- Bank of Russia says digital ruble should not boost inflation.
- At a State Duma’s important Financial Market Committee meeting, Elvira Nabiullina spoke that the Russian Federation’s Central Bank (CBR) might test a digital ruble for more than a year before launching the CBDC.
- The head of the regulator stated that the digital ruble project would be implemented only if specific criteria were met.
- The monetary authority requires that the digital currency be freely convertible into the other two forms of Russian fiat, cash and bank money, at a 1:1 ratio.
According to the head of the monetary authority, the Bank of Russia is planning an extended trial of the digital version of the national fiat to ensure that it is a full-fledged ruble. However, the regulator has imposed some conditions on the new currency project implementation.
At a meeting of the State Duma’s influential Financial Market Committee, Elvira Nabiullina, the bank’s chair, spoke that the Russian Federation’s Central Bank (CBR) may test a digital ruble for more than a year before launching the CBDC. The head of the regulator stated that the digital ruble project would only be implemented if certain criteria were met.
The first requirement of the monetary authority is that the digital currency is freely convertible into the other two forms of Russian fiat, cash, and bank money, at a 1:1 ratio.
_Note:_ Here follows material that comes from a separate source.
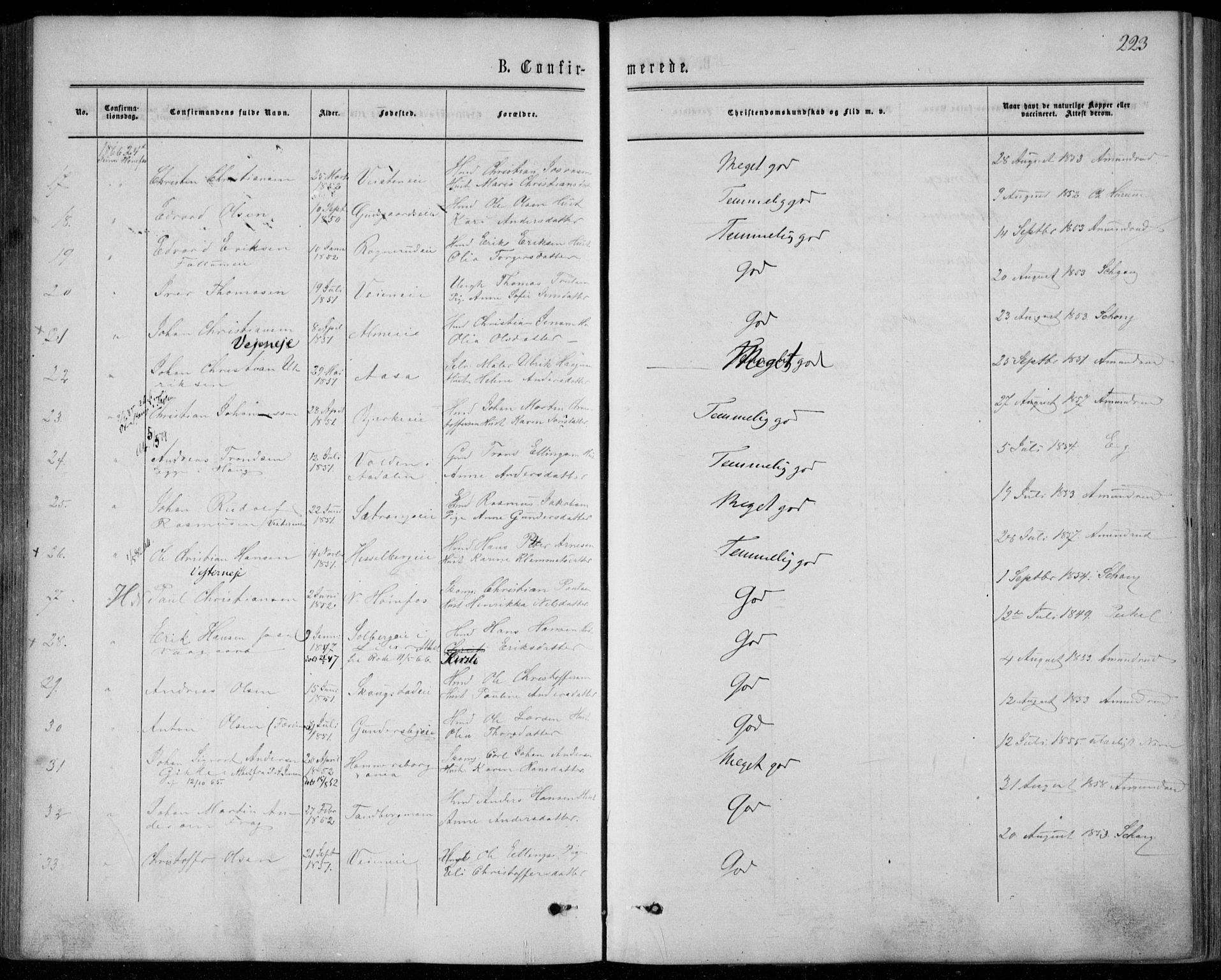 Norderhov kirkebøker, AV/SAKO-A-237/F/Fa/L0013: Parish register (official) no. 13, 1866-1874, p. 223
In response to the risks of introducing the coin, Nabiullina emphasized that the issue involves monetary circulation and that financial authorities must exercise extreme caution. She even said that “It should be a real, full-fledged ruble. There will be no discounts or anything like that”.
The central bank’s top executive also stated that the digital ruble prototype would most likely be launched at the start of next year. It will launch with trials lasting at least another 12 months to see how the CBDC works. Another essential condition for the digital ruble’s success is that it does not accelerate inflation.
The Bank of Russia wants citizens to choose to use the digital ruble genuinely. They want them to use digital ruble just as they are increasingly selecting non-cash payment solutions. The goal, according to Nabiullina, is not to create a large number of digital rubles but rather to use this new currency to reduce transaction costs. Nabiullina even pointed that “Technologies now allow us to do that. And for us, this will be the criterion of success, not the volume of digital rubles”.
In June, the Russian central bank formed a digital ruble pilot group with over a dozen banks and other institutions participating. The authority intends to finish developing the platform’s prototype in December 2021 and begin testing the CBDC in January 2022 in a series of trials. In addition, to accommodate the digital currency, Russian officials plan to amend 13 laws and codes.